The 8.3 system has become widely adopted within the last two to three years, and there is an increasing number of youths who do not work at any of the state-run enterprises. “Except for some profitable trading companies, most of the ordinary factory enterprises have stopped operating. Therefore, most people are not working at these places at all, particularly the younger generation,” a source in Ryanggang Province said.
The management at these state enterprises are instead instructing those not coming to work to “report their whereabouts,” and implicitly encouraging them to engage in private business.
In light of these developments, Kim Jong Un reportedly ordered a “reinvestigation of those who are unemployed and the preparation of countermeasures” in January. Agents seeking to root out such conduct sporadically launched crackdowns on younger individuals who were not working at the state enterprises, but the extent of control is comparatively weaker than in times past.
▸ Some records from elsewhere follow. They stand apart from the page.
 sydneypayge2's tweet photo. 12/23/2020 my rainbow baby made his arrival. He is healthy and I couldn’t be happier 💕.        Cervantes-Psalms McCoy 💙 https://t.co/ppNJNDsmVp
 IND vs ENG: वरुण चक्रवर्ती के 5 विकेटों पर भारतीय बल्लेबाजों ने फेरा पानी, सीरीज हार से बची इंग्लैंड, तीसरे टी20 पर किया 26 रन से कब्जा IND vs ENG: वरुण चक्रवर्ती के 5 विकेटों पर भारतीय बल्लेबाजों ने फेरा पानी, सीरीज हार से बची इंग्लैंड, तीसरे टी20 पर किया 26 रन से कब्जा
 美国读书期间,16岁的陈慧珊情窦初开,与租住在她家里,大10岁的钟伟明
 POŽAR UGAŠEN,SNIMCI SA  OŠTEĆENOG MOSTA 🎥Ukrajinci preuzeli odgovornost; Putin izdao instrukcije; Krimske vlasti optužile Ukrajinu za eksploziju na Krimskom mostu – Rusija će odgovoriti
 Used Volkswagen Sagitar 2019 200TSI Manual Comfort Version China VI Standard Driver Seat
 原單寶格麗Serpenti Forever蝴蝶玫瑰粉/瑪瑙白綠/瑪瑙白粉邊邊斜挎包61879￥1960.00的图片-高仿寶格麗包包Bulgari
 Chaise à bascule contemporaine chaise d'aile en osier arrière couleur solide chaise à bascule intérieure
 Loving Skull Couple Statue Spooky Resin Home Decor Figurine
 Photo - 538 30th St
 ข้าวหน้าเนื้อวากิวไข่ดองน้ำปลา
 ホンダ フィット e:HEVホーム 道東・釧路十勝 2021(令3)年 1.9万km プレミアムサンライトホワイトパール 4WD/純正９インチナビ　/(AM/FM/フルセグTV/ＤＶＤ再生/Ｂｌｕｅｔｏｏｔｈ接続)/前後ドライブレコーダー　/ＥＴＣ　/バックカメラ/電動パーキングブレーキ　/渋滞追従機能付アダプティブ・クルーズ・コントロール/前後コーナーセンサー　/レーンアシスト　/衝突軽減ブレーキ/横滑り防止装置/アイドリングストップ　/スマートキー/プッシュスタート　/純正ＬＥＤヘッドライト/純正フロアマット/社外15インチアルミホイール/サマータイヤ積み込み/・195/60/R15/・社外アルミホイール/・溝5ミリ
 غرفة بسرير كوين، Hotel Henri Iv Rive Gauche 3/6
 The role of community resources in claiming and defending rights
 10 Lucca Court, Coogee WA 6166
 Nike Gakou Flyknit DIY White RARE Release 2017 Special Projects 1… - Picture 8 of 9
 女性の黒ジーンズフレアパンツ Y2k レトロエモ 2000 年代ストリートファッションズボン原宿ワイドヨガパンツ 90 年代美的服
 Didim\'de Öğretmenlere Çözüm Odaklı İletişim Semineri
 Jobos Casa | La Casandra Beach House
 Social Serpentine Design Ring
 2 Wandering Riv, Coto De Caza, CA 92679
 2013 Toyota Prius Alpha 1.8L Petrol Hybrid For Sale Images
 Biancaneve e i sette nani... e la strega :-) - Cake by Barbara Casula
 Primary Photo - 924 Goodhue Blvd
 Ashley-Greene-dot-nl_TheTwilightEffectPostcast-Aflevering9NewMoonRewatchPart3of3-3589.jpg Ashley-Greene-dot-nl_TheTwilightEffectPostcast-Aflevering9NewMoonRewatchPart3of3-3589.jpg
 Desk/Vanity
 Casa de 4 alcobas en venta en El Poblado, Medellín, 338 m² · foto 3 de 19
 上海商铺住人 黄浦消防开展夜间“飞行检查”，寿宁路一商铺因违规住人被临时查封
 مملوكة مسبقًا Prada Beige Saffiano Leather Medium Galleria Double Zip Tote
Kim Cheol Min (alias; a defector in his 30s), who makes regular calls to family in North Korea said, “Even if people go to work (at state enterprises), there is no work to be done and the companies cannot even pay them. So the authorities will find it difficult to severely punish young unemployed individuals like they used to.”
As a result, it is being said that the ‘collective’ mindset of the North Korean people is being slowly replaced by the concept of individualism among the youths. The idea of devoting one’s life for the Supreme Leader and national development is becoming decidedly less attractive.
Since coming to power, Kim Jong Un struggled to bring discipline to the disorganized youth institutions. Last year, he convened a meeting of the Socialist Youth League, the first in 23 years, renaming the ‘Kim Il Sung Socialist Youth League’ into the ‘Kimilsungist-Kimjongilist Youth League.’ He has repeatedly emphasized the unity of the Youth League at every major political event to date.
However, securing loyalty from the younger generation will be an enormous challenge. The younger generation is increasingly regarding their unwanted duty as ‘guards of the revolution’ as burdensome.